### DESCRIPTION OF THE TASK
Below are some records. Return exactly their lines from the one containing "Minimal Loft In Centro A Milan" through the one containing "F Hotel Sungai Dua Bukit Екстериор снимка", and drop the pictures.

[Short web captions]
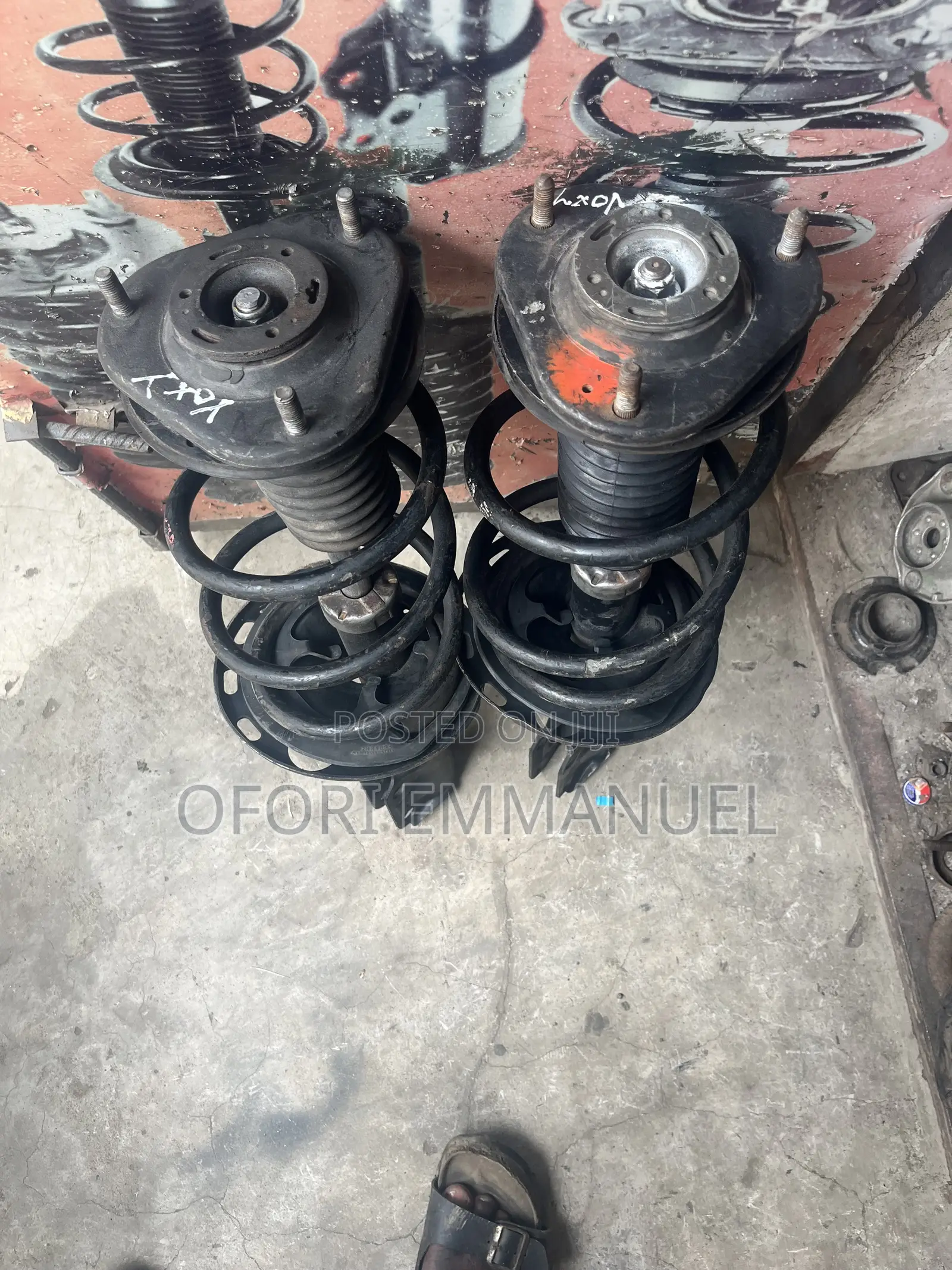 Voxy Front Shocks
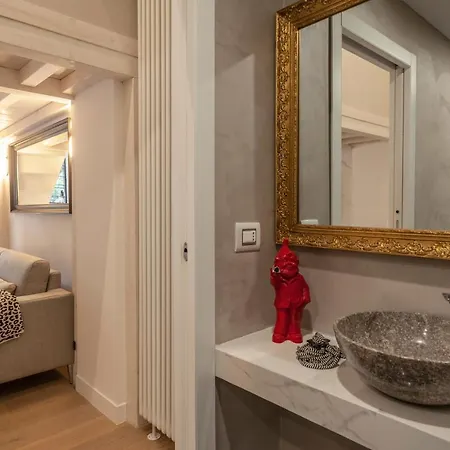 Minimal Loft In Centro A Milan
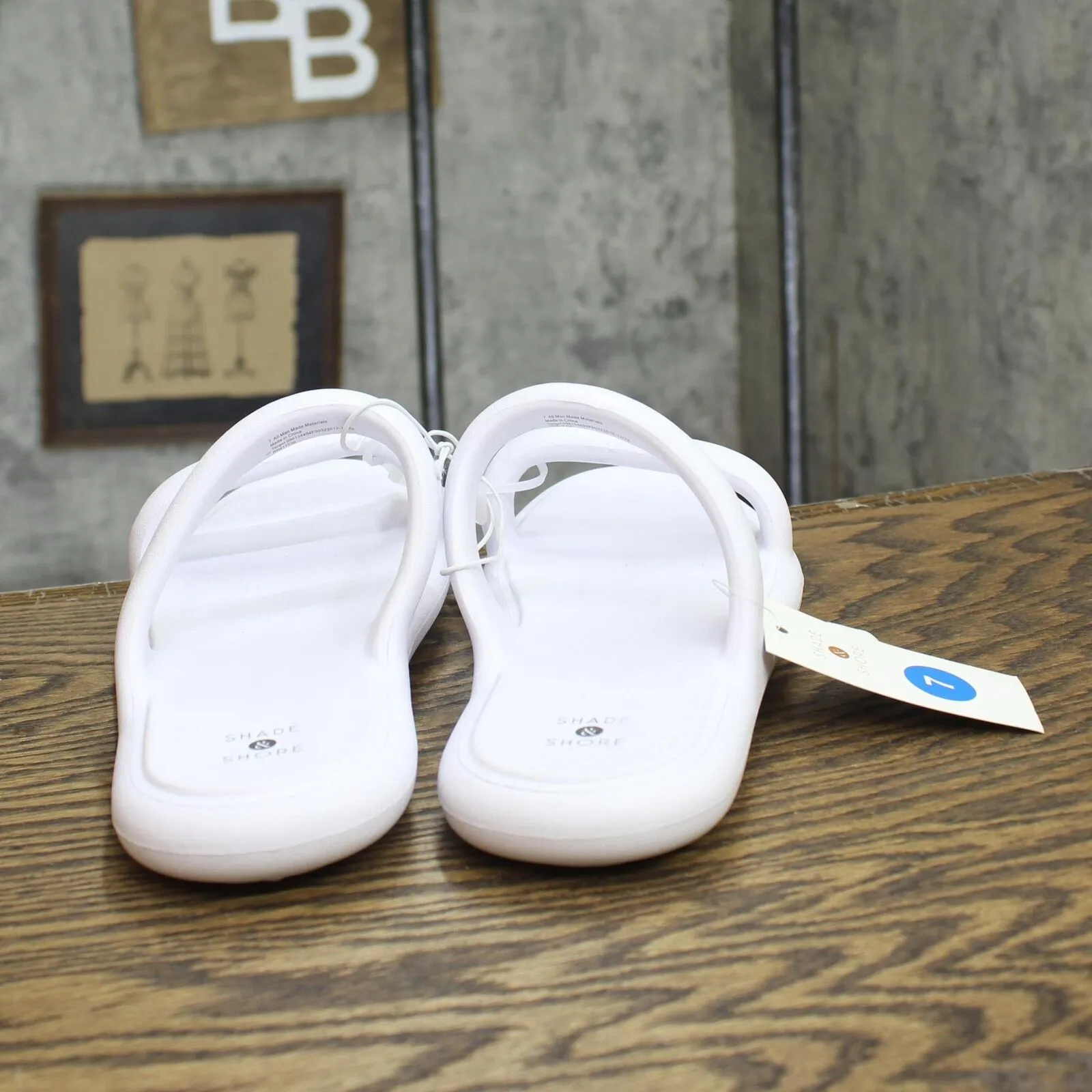 Shade & Shore Womens Ellen EVA Footbed Sandals 89887077 White 7M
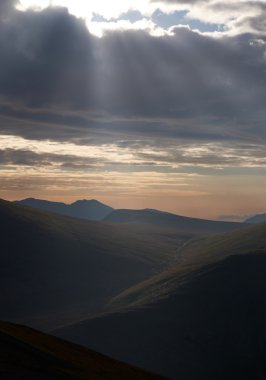 Sabah güneş ışığı vadi üzerinde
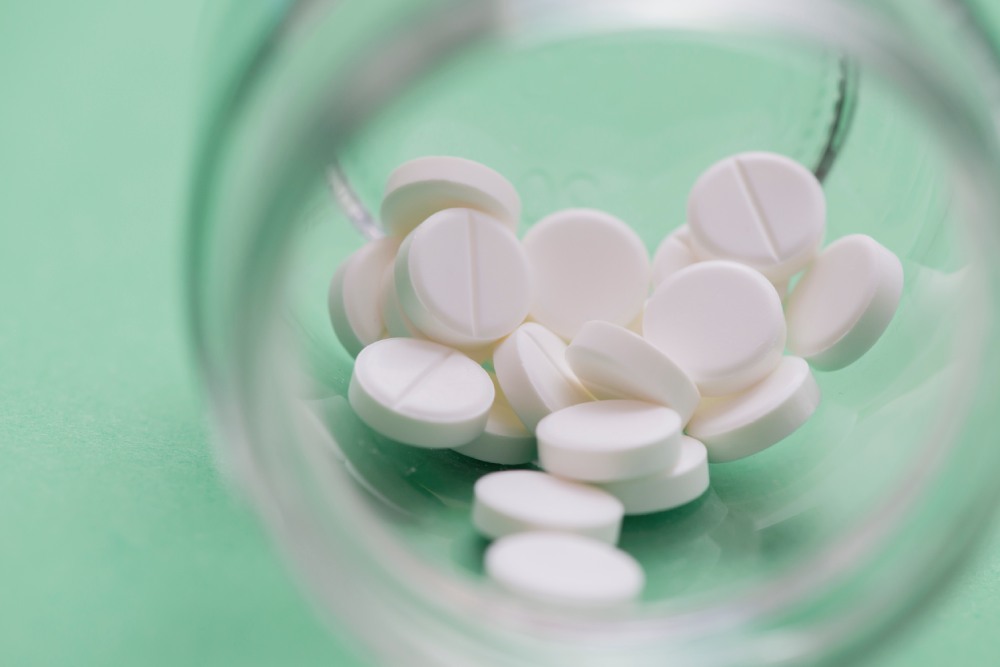 tomar paracetamol con ibuprofeno juntos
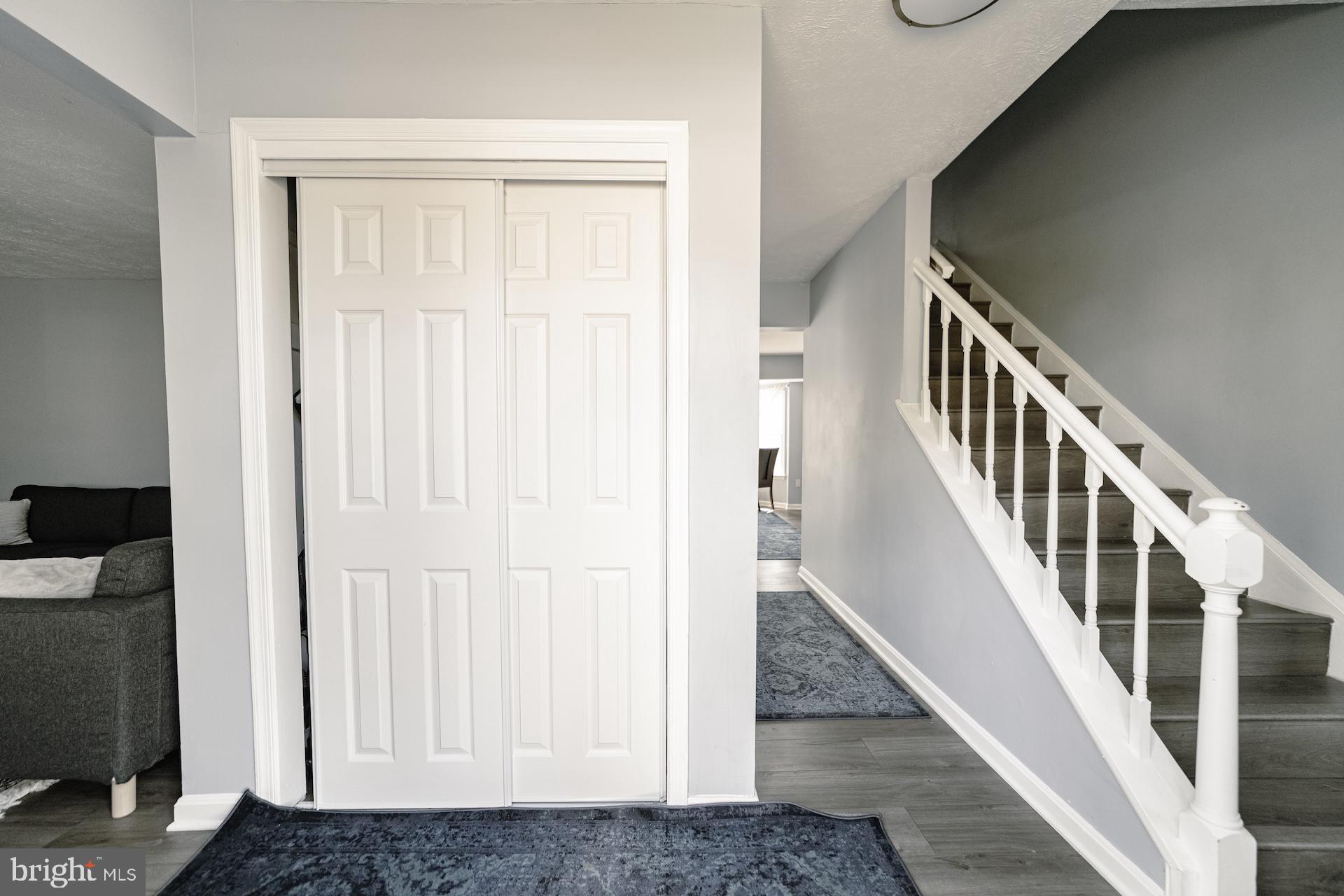 3867 ORIOLE COURT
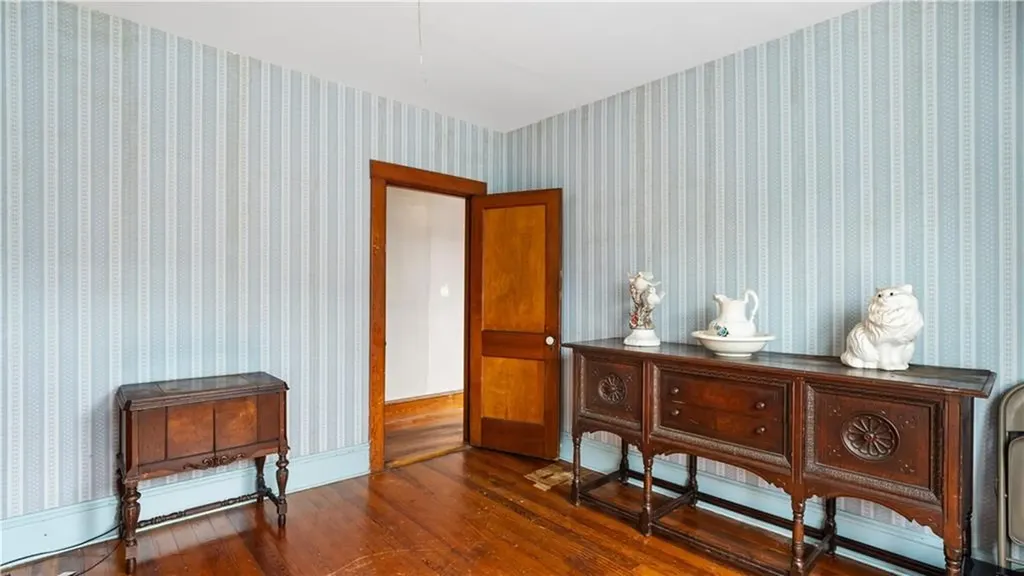 68 70 Lenox Avenue Providence RI 02907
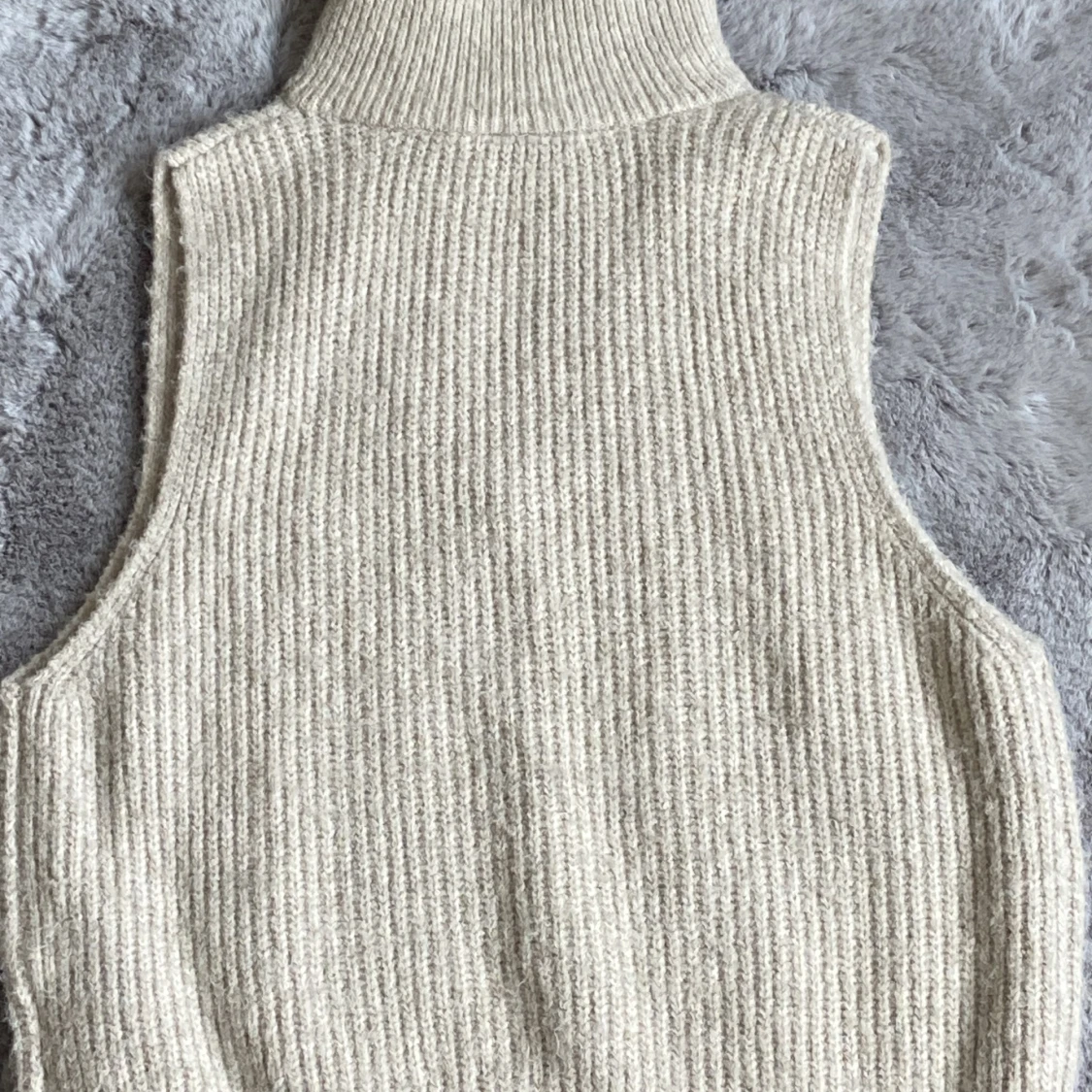 Stickad väst😍 - 90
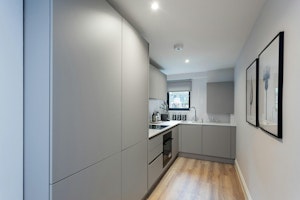 Modern Kensington image 3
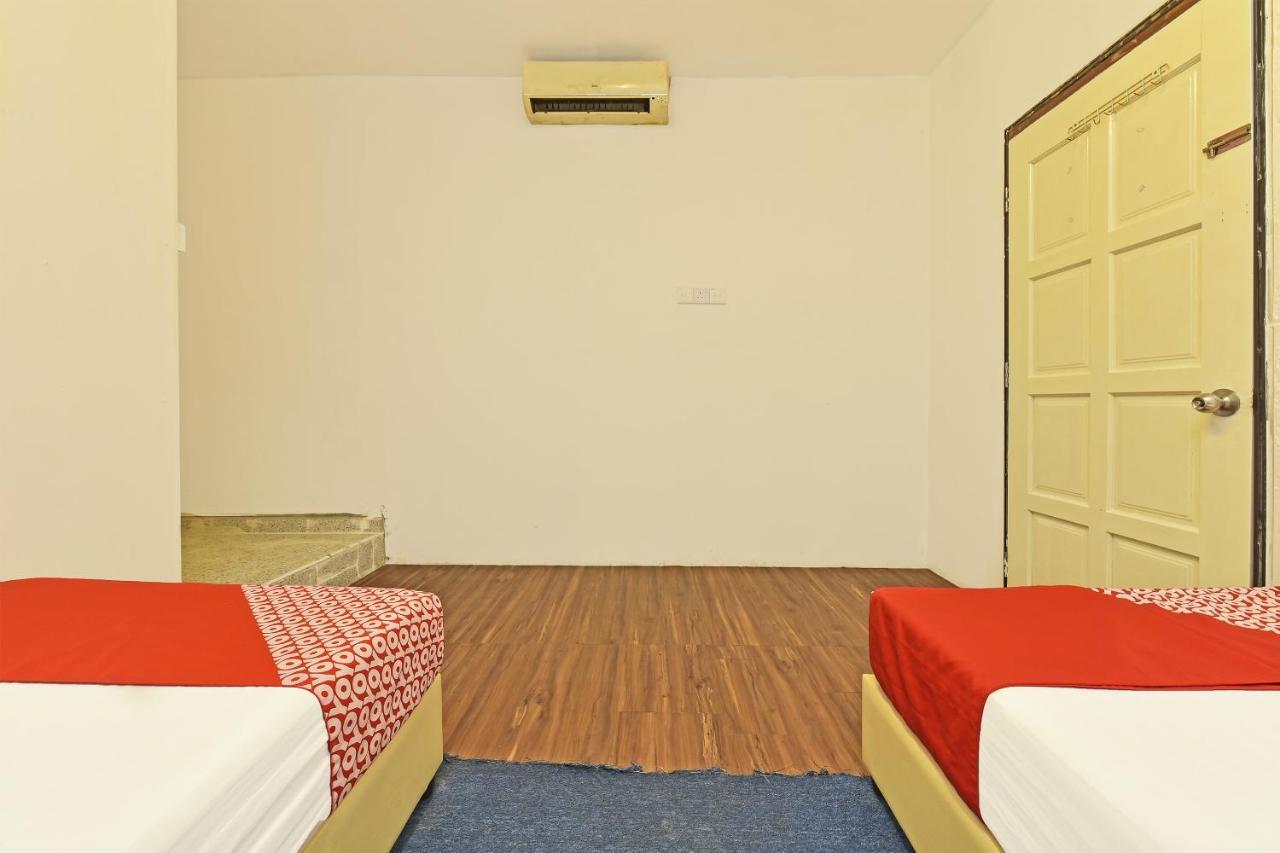 F Hotel Sungai Dua Bukit Екстериор снимка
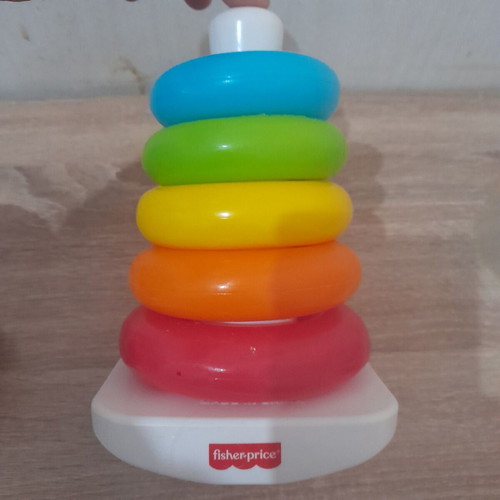 Fisher-price πυραμίδα μεταχειρισμένη με 5 χρωματιστούς κρίκους
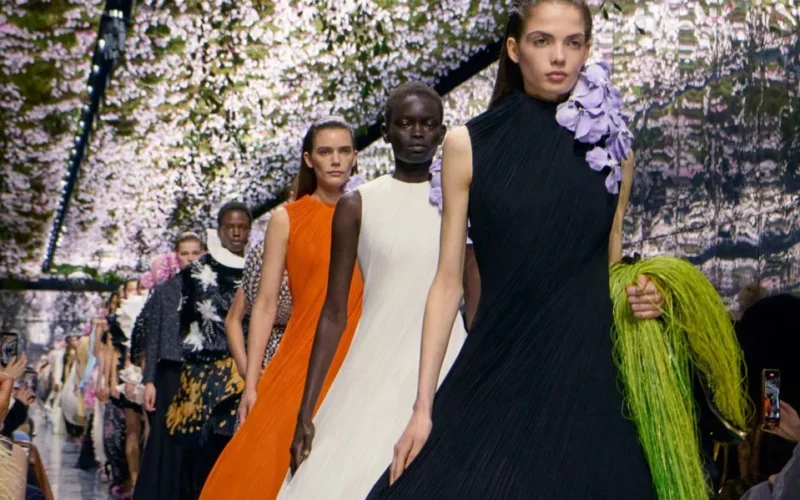 Parisul dă startul unei noi ere în haute couture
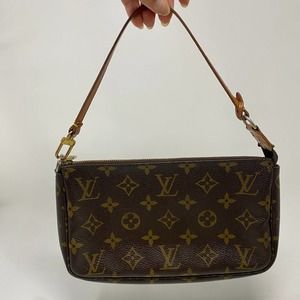 Louis Vuitton Pochette Authentic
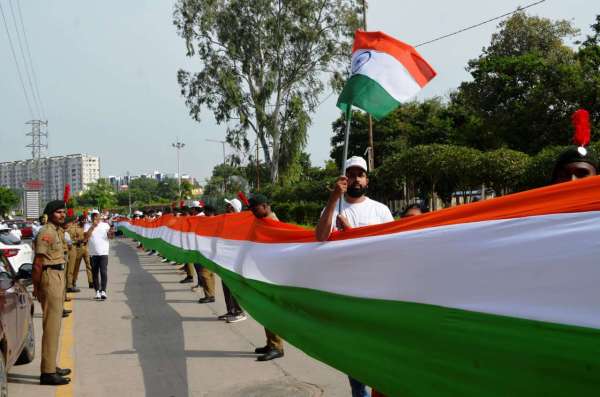 देशभक्ति की भावना से ओतप्रोत हुआ हैदराबाद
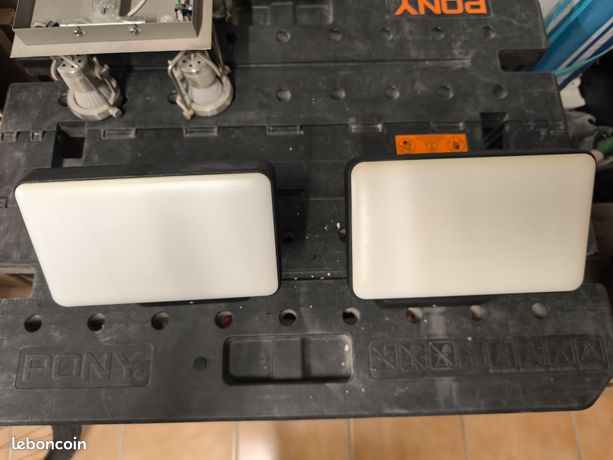 2 luminaires extérieurs Philips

### FINISHED EXERCISE
 Minimal Loft In Centro A Milan
 Shade & Shore Womens Ellen EVA Footbed Sandals 89887077 White 7M
 Sabah güneş ışığı vadi üzerinde
 tomar paracetamol con ibuprofeno juntos
 3867 ORIOLE COURT
 68 70 Lenox Avenue Providence RI 02907
 Stickad väst😍 - 90
 Modern Kensington image 3
 F Hotel Sungai Dua Bukit Екстериор снимка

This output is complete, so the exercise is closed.